Jokowi Belum Bersikap Soal Baiq Nuril, Istana: Masih di Yudikatif
Reporter
Ahmad Faiz Ibnu Sani
Editor
Rina Widiastuti
Rabu, 21 November 2018 16:53 WIB
TEMPO.CO, Bogor - Staf Khusus Presiden Bidang Komunikasi Johan Budi mengatakan kasus penyebaran percakapan asusila yang menjerat Baiq Nuril saat ini masih di ranah yudikatif. Sebabnya, kata dia, Presiden Joko Widodo atau Jokowi tidak bisa langsung bertindak memberikan amnesti atau grasi.
Baca: Baiq Nuril Ucapkan Terima Kasih ke Presiden Jokowi
Johan meminta, dalam persoalan Baiq Nuril ini dibedakan antara domain presiden selaku eksekutif dan penegak hukum selaku yudikatif. "Nah Ibu Nuril sekarang kan domainnya ada di yudikatif dan putusan sudah disampaikan. Kemudian, hari ini, saya dengar sedang melakukan upaya hukum luar biasa," katanya di Istana Bogor, Jawa Barat, Rabu, 21 November 2018.
Atas dasar itu, kata Johan, Jokowi telah menyarankan kepada Nuril untuk melakukan upaya hukum, yaitu peninjauan kembali (PK) atas putusan kasasi Mahkamah Agung (MA). "Karena sekarang itu domainnya belum ada di presiden," tuturnya.
Johan membenarkan bahwa presiden, secara konstitusi, memiliki hak memberikan amnesti atau grasi bagi mereka yang terjerat perkara hukum. Namun, dia menambahkan, kebijakan itu tetap tak bisa langsung diberikan.
Baca: 9 Hal yang Telah Diketahui Soal Kasus Baiq Nuril
"Amnesti itu baca di konstitusi juga ada syaratnya, harus persetujuan DPR. Kemudian grasi juga ada rekomendasi MA, juga ada tolok ukur kasusnya," ujarnya.
Johan menambahkan, Istana mengapresiasi langkah Kejaksaan Agung menunda eksekusi Baiq Nuril, tenaga honorer di SMAN 7 Mataram itu. "Itu kan sebagai bentuk respons dari kejaksaan terhadap apa yang sedang ramai dibicarakan," tuturnya.
Kasus Baiq Nuril bermula saat ia bertugas di SMAN 7 Mataram. Ketika itu, dia kerap mendapatkan perlakuan pelecehan dari kepala sekolah, M. M dituding sering menghubunginya dan meminta Nuril mendengarkan pengalamannya berhubungan seksual dengan wanita lain yang bukan istrinya sendiri.

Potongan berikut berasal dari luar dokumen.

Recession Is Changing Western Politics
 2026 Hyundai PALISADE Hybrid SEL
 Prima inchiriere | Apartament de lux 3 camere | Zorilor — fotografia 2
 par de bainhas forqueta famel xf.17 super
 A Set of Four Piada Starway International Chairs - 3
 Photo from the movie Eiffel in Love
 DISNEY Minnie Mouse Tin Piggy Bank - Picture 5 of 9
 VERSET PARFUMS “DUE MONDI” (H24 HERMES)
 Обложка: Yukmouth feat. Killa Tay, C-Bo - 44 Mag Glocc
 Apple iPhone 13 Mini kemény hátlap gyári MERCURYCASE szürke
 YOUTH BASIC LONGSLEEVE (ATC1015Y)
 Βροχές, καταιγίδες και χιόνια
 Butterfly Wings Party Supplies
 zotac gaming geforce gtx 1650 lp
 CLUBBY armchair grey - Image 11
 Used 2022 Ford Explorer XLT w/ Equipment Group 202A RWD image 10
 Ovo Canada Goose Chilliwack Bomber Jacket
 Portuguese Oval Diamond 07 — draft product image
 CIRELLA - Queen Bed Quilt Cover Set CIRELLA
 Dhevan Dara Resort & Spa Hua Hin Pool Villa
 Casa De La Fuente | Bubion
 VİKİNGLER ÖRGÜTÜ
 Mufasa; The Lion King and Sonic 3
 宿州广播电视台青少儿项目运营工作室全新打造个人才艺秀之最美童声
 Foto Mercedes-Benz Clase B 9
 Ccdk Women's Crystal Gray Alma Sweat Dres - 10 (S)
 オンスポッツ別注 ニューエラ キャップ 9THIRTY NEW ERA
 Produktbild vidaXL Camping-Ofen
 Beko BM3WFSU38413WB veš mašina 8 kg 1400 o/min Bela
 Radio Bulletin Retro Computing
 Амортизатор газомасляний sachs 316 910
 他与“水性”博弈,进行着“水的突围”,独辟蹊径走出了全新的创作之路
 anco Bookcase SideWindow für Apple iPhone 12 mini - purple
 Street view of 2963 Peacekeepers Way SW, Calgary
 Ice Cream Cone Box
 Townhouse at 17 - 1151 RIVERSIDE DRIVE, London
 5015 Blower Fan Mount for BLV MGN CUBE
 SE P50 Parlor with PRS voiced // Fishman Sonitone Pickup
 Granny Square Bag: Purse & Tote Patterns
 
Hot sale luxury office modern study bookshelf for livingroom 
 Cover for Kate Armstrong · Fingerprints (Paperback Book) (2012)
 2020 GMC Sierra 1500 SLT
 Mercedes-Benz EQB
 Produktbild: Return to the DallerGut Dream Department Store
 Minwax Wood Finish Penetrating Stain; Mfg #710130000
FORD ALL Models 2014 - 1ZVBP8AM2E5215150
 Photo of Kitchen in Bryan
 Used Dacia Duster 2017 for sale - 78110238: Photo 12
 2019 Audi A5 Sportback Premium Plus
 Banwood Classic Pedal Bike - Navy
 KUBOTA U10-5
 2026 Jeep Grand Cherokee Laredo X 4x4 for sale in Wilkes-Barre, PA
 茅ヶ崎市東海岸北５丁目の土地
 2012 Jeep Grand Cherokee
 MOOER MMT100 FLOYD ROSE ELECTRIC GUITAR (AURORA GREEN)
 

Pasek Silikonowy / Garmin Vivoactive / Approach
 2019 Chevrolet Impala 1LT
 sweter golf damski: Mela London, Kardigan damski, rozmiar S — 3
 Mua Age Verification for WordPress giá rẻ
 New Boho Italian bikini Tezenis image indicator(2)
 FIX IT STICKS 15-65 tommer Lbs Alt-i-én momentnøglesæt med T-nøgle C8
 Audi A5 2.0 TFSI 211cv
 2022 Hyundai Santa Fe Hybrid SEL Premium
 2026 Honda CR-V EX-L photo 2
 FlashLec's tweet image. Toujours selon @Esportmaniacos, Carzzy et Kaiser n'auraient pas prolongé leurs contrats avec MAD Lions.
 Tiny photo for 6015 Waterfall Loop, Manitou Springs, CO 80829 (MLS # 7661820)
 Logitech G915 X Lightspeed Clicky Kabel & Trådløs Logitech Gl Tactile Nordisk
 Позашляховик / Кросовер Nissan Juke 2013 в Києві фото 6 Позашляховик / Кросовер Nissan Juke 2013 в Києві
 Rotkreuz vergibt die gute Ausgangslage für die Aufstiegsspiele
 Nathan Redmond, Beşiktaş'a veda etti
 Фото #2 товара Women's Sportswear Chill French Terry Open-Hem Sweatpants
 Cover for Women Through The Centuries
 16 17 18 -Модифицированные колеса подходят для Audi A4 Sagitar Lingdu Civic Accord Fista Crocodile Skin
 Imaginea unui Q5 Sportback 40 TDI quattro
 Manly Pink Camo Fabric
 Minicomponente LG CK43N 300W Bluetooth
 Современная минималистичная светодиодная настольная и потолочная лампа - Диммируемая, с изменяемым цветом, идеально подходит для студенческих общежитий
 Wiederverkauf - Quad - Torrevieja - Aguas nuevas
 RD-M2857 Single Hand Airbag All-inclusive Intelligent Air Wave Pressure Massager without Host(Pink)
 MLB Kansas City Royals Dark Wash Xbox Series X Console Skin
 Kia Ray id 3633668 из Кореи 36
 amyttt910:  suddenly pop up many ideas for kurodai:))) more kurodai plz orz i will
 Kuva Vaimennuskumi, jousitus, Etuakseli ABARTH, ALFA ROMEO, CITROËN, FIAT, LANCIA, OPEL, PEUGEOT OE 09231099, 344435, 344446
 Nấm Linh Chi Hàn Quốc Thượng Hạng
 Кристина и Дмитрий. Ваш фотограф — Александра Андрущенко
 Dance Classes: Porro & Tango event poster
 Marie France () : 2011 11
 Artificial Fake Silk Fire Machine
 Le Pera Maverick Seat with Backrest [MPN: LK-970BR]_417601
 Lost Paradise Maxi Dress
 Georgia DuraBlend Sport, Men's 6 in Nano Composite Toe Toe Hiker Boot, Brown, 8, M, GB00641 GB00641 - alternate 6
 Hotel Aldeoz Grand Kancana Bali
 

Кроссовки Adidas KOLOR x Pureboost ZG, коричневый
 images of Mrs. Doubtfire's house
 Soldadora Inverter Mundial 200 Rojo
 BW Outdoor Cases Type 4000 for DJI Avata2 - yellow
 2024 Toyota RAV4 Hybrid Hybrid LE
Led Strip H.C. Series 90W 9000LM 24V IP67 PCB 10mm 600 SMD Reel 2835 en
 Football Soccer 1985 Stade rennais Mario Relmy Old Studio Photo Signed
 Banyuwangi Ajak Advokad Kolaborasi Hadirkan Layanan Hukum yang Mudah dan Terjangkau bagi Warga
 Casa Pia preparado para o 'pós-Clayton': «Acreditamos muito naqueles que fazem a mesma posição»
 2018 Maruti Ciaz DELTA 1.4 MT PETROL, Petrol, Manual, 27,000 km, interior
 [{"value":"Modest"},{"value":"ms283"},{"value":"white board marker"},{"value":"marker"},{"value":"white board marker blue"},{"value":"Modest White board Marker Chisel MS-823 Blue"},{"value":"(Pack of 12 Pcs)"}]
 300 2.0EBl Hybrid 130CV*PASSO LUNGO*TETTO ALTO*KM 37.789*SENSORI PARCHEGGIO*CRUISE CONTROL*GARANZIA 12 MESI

Nuril yang merasa tidak nyaman dan demi membuktikan tidak terlibat hubungan gelap, merekam pembicaraannya. Belakangan rekaman itu tersebar luas. Atas dasar ini kemudian M melaporkannya ke penegak hukum.
Baca: Kasus Baiq Nuril, Jokowi: Saya Tak Bisa Intervensi Putusan MA
Kasus berlanjut di persidangan. Pengadilan Negeri Mataram menyatakan Nuril tidak bersalah dan membebaskannya sebagai tahanan kota.
Namun, kasus itu tidak berhenti. Jaksa lalu mengajukan banding hingga kasasi ke Mahkamah Agung (MA). Dalam putusan kasasinya, MA memvonis Nuril enam bulan penjara dan denda Rp 500 juta rupiah lantaran dianggap melanggar Pasal 27 ayat (1) Undang-Undang tentang Informasi dan Transaksi Elektronik (UU ITE) karena menyebarkan percakapan asusila Kepala Sekolah SMAN 7 Mataram.